Vermont editor vows to fight wind trespass charge 

Credit:  Associated Press, www.boston.com 25 February 2012 ~~

NEWPORT, Vt.—The editor of a Vermont weekly newspaper is promising to fight the criminal trespass charge filed against him while he was covering a protest against a wind power project being built on Lowell Mountain.

Chris Braithwaite, the publisher of The Chronicle of Barton, said he would ask a jury to dismiss the charge against him that was filed while he was covering a December protest in which a number of anti-wind activists were charged with trespassing on land controlled by Green Mountain Power.

Braithwaite, 67, of Glover, had tried to argue that since he was a reporter covering a news event he should have been exempted from trespassing laws.

“Chris Braithwaite and The Chronicle intend to take this issue to trial and pursue this issue, if necessary, to the Vermont Supreme Court and to the U.S. Supreme Court,” Braithwaite’s attorney Philip White said in court documents.

But Judge Robert P. Gerety Jr., ruled that even through Braithwaite was working as a journalist, he did not have a legal right to go without permission onto private land to cover a news story.

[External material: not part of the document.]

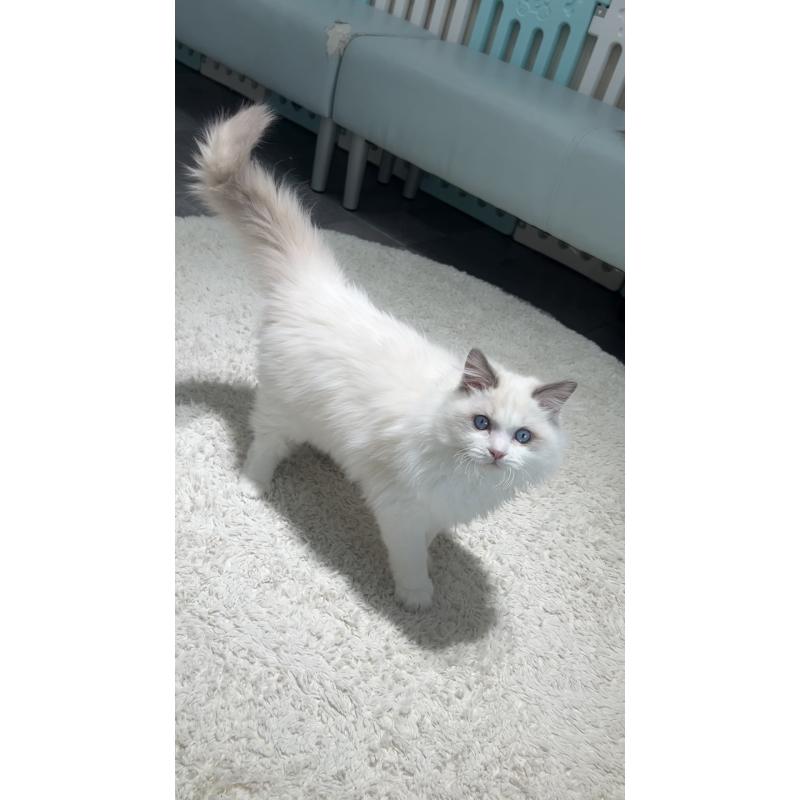 販売中の東京都のラグドール-128298の4枚目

“The court concludes that there is no legal authority for the proposition that the defendant, as a member of the press, enjoyed a privilege to trespass on private property under the circumstances presented in this case,” the judge said.

Braithwaite and six protesters were charged with trespassing after they blockaded construction vehicles on the crane path to the ridgeline where the wind project is being built.

Braithwaite and the protesters have all pleaded not guilty. They are promising to take their cases to trial.

The protesters object to Green Mountain Power’s project that is building a 21-turbine wind-power installation that will be capable of providing enough electricity for 24,000 homes.

Source:  Associated Press, www.boston.com 25 February 2012

This article is the work of the source indicated. Any opinions expressed in it are not necessarily those of National Wind Watch.

The copyright of this article resides with the author or publisher indicated. As part of its noncommercial educational effort to present the environmental, social, scientific, and economic issues of large-scale wind power development to a global audience seeking such information, National Wind Watch endeavors to observe “fair use” as provided for in section 107 of U.S. Copyright Law and similar “fair dealing” provisions of the copyright laws of other nations. Send requests to excerpt, general inquiries, and comments via e-mail.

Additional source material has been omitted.